Problem details — In the data below, find each line carrying the string "Love" and copy it out.

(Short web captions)
= = = = = = =

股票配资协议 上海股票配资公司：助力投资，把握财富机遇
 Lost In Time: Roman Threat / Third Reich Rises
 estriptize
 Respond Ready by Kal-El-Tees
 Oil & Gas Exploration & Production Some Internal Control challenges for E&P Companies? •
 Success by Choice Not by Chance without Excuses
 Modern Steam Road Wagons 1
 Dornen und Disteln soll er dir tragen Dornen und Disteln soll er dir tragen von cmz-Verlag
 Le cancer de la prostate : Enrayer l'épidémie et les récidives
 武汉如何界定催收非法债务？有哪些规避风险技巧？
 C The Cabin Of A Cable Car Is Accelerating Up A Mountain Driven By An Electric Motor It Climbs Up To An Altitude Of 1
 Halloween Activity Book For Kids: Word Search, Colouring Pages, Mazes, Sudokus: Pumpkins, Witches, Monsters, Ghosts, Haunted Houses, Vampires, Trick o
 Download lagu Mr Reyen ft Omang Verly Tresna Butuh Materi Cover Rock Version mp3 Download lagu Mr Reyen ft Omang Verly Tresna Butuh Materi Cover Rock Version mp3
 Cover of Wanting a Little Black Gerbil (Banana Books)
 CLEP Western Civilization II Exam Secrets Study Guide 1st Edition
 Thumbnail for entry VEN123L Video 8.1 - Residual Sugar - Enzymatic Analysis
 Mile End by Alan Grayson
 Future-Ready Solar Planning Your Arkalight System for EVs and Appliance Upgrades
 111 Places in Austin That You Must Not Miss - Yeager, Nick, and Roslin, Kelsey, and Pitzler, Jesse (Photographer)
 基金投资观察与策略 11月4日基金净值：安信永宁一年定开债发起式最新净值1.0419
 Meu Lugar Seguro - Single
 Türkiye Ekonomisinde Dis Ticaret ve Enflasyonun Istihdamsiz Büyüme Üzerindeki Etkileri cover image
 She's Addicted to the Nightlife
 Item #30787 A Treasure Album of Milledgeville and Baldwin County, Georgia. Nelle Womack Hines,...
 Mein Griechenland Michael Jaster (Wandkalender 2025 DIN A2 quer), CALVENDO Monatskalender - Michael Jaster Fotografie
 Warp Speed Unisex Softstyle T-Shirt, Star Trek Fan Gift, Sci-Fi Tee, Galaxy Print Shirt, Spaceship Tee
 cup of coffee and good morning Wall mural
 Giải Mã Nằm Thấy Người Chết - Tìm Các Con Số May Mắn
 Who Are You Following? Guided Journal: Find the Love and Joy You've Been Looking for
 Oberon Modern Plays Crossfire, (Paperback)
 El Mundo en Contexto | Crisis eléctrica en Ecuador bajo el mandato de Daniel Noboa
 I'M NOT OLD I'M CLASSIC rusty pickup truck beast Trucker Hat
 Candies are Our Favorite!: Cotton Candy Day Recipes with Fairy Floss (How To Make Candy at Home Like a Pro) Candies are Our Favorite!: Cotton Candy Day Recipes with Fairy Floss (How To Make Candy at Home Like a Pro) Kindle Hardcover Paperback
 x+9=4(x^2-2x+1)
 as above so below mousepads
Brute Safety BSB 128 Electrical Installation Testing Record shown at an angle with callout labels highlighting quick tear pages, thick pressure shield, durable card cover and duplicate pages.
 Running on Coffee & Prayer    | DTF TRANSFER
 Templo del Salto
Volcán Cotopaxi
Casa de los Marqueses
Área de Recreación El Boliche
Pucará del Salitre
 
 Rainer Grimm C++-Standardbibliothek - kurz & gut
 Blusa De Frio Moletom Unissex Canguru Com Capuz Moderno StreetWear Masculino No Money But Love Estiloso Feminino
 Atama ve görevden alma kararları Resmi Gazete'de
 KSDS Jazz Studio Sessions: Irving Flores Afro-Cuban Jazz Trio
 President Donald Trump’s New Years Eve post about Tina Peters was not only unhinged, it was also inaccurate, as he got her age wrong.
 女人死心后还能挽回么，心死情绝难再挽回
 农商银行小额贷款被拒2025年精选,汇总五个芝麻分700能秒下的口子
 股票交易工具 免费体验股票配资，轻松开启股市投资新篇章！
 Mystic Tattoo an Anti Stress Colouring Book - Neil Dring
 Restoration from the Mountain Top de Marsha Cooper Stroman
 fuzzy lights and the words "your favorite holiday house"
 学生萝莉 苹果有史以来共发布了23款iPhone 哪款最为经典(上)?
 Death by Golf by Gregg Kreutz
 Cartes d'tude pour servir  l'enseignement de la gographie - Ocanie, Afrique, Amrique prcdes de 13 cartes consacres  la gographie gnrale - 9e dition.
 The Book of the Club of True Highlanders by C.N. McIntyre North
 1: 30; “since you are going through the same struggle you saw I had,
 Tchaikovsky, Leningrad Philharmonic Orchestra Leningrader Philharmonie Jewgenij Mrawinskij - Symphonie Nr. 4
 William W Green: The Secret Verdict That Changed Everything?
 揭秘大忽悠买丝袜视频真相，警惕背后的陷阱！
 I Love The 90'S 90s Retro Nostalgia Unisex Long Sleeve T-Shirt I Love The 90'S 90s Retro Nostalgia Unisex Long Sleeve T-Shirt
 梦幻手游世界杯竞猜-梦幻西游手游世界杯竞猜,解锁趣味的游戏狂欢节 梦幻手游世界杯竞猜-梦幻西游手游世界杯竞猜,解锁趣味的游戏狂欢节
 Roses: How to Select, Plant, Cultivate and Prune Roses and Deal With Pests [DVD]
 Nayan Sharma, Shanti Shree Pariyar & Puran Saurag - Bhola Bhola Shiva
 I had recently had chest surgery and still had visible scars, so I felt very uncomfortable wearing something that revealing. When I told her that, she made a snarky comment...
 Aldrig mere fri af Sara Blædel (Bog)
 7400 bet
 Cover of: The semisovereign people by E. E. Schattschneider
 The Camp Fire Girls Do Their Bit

= = = = = = =

Written response —
 Who Are You Following? Guided Journal: Find the Love and Joy You've Been Looking for
 Blusa De Frio Moletom Unissex Canguru Com Capuz Moderno StreetWear Masculino No Money But Love Estiloso Feminino
 I Love The 90'S 90s Retro Nostalgia Unisex Long Sleeve T-Shirt I Love The 90'S 90s Retro Nostalgia Unisex Long Sleeve T-Shirt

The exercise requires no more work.